Autorka wprowadza coraz to nowych bohaterów, pozostawiając tych poprzednich samym sobie. Nie twierdzę bynajmniej, że ci są źli, bo są wykreowani naprawdę ciekawie. Polubiłam ich włącznie z ich wadami i zaletami. Zwłaszcza Berenikę, która starała się za wszelką cenę, aby się nie poddać i dawać ludziom nadzieję. Aby wysłuchać tych, którzy potrzebowali kogoś, kto nadstawi dla nich uszu i aby pomóc powstać tym, którzy nie mając więcej sił, upadali. Bardzo spodobały mi się jej podejście i empatia, to, w jaki sposób traktowała otaczających ją ludzi. Nie było w niej wyrzutów, czy poczucia, że dając z siebie tak wiele, otrzymywała mniej. Biła od niej tak szczera chęć pomocy, że nie obraziłabym się, gdyby to właśnie ona została jedyną główną bohaterką tej historii.

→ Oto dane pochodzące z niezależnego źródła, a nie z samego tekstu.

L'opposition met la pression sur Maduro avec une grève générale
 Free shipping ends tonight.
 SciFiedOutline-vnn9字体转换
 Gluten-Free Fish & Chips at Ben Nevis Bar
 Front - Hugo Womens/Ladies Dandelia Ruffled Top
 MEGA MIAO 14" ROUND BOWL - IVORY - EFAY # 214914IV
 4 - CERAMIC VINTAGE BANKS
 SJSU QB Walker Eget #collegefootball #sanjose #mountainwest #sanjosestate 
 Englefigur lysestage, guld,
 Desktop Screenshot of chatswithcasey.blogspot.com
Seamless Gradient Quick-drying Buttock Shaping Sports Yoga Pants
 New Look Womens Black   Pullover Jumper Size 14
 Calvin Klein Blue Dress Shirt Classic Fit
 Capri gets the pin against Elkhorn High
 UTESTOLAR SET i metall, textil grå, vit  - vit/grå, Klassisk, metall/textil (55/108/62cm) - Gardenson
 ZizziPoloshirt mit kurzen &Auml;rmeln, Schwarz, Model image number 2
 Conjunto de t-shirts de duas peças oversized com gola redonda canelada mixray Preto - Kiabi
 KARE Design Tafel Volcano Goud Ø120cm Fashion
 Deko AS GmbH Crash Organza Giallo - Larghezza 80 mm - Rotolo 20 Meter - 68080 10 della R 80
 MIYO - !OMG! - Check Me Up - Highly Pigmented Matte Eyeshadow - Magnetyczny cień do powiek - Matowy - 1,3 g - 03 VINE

Podsumowując: „Zostań moim aniołem” to bardzo nastrojowa, dobrze poprowadzona książka, która z pewnością da do myślenia niejednej osobie. Każdy bohater ma w niej coś do powiedzenia, każdy stara się czegoś nauczyć czytelnika, pokazać mu, że czasami warto się po prostu zatrzymać i zastanowić nad życiem. Sama też pozwoliłam sobie przy niej zwolnić i pomyśleć, co w wielu momentach nieomal doprowadziło mnie do łez. Bo „Zostań moim aniołem” jest właśnie jedną z takich książek, przy której nie łatwo pozostać obojętnym. I choć nie uważam, że trafi do grona najlepszych lektur, po jakie miałam przyjemność sięgnąć w tym roku, niechybnie kwalifikuje się na półkę tych, które otworzyły mi oczy na kilka wyjątkowo istotnych spraw.